Re: Questions: how to exclude substring having Evil meanings
by roboticus (Chancellor) on Dec 02, 2009 at 17:02 UTC
|
lihao:
I've never had to do such a thing, but I'd suggest simply removing all vowels from the alphabet you use to generate the codes. That way there wouldn't be anything pronouncable.

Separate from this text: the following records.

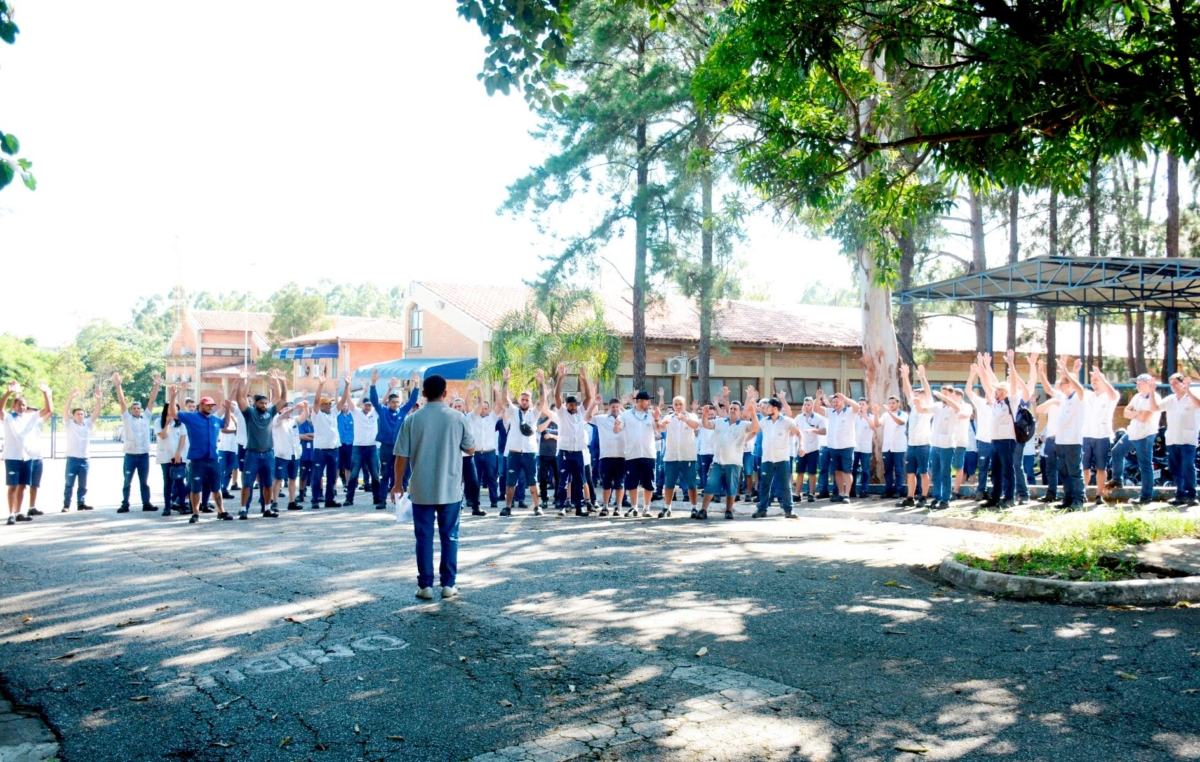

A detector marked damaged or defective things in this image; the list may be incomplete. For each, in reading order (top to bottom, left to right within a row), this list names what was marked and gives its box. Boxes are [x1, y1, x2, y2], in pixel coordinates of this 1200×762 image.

cracked asphalt [2, 463, 1200, 758]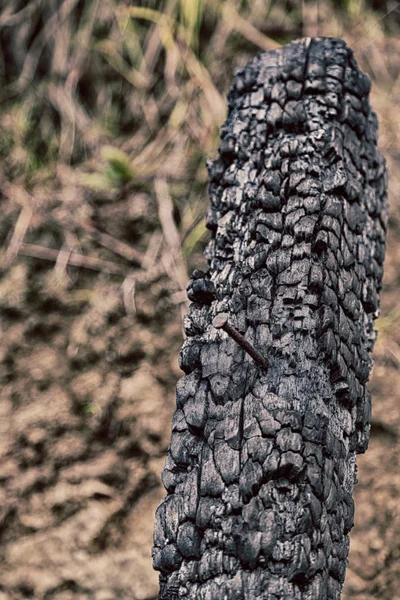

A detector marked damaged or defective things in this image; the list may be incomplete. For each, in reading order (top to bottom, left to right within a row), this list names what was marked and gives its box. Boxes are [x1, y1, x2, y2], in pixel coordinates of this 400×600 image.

rusty nail [212, 314, 268, 370]
grey charred surface [152, 38, 388, 600]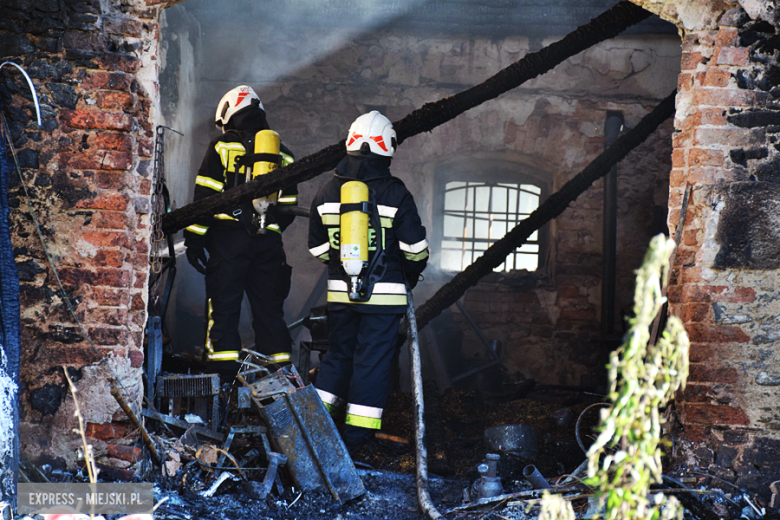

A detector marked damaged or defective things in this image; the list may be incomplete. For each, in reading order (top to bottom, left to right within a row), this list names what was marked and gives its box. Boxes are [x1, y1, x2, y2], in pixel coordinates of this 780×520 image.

burnt brick wall [2, 0, 167, 476]
charred wooden beam [160, 2, 652, 234]
charred wooden beam [414, 91, 676, 332]
burnt brick wall [668, 4, 780, 500]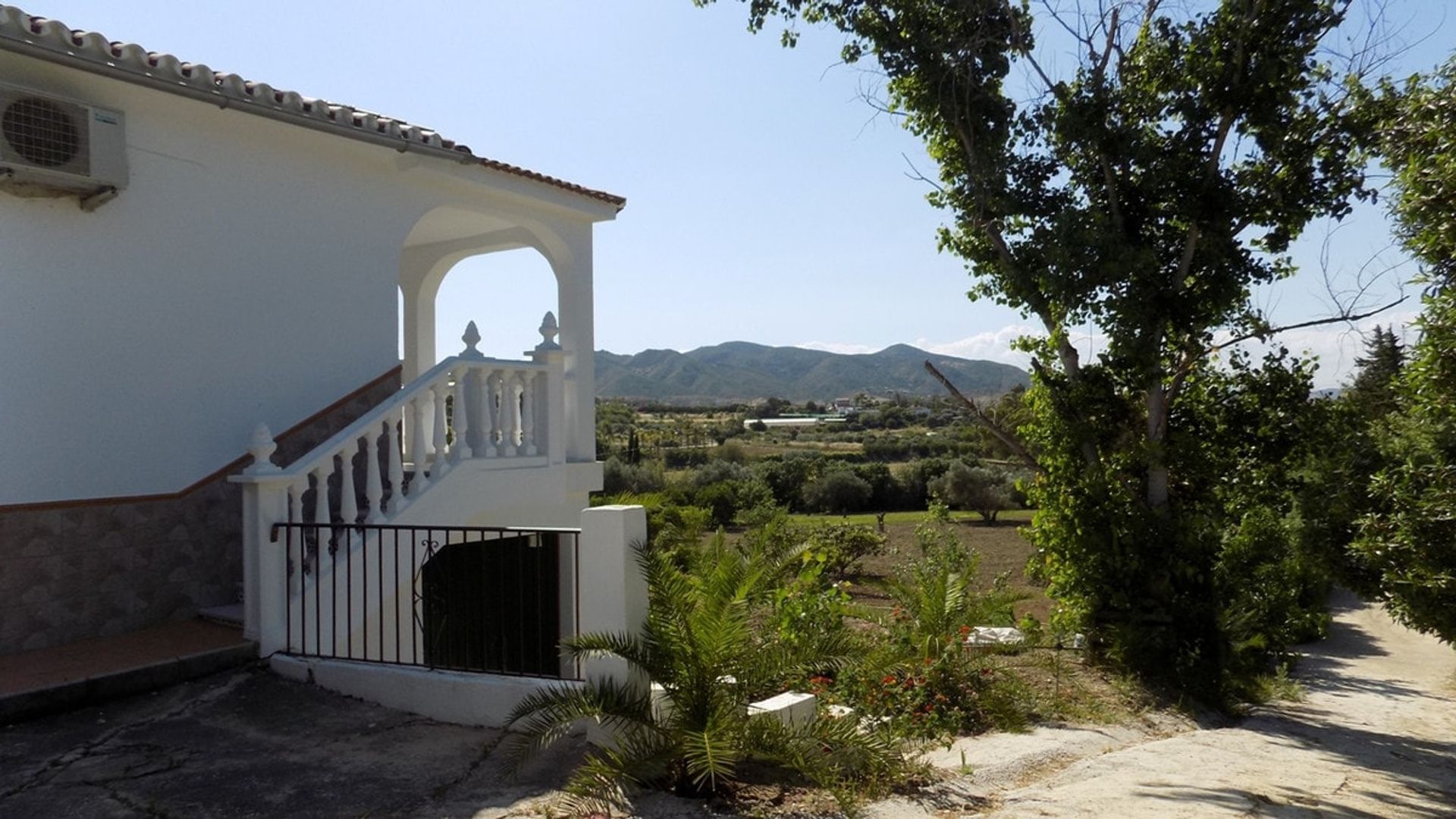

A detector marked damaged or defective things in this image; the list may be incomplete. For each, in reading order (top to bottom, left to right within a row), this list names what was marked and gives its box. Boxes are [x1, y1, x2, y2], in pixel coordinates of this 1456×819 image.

cracked concrete ground [1, 664, 591, 816]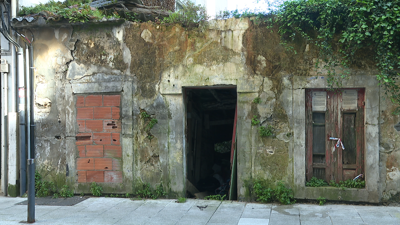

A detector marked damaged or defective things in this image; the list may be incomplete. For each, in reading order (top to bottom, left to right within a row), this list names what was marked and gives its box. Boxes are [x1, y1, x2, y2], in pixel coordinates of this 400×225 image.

cracked plaster wall [27, 18, 396, 202]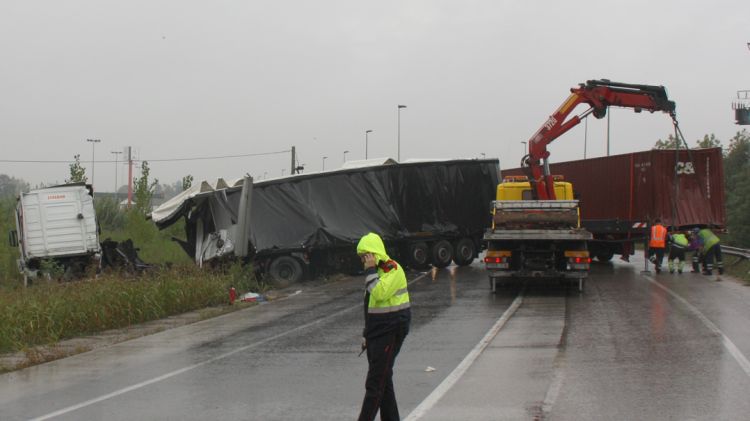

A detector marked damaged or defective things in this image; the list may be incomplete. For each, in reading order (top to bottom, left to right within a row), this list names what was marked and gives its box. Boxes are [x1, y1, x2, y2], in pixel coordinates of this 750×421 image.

crashed truck [150, 159, 502, 280]
damaged truck front [150, 159, 502, 280]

It's certainly a lot simpler than worrying about stop word lists and the attendant worries of missing some foul words in other languages...
...roboticus
Update: At least I hope that no languages have pronounceable words without vowels in the standard ASCII set. | [reply] [Watch: Dir/Any] |
|
At least until someone gets in a huff about getting a code SH1T455 or 455H0L3 or . . . :)
There's always Regexp::Common::profanity (and variants specialized for other locales and languages), but you'd (the OP, that is) want to examine them to make sure they handle everything you're worried about.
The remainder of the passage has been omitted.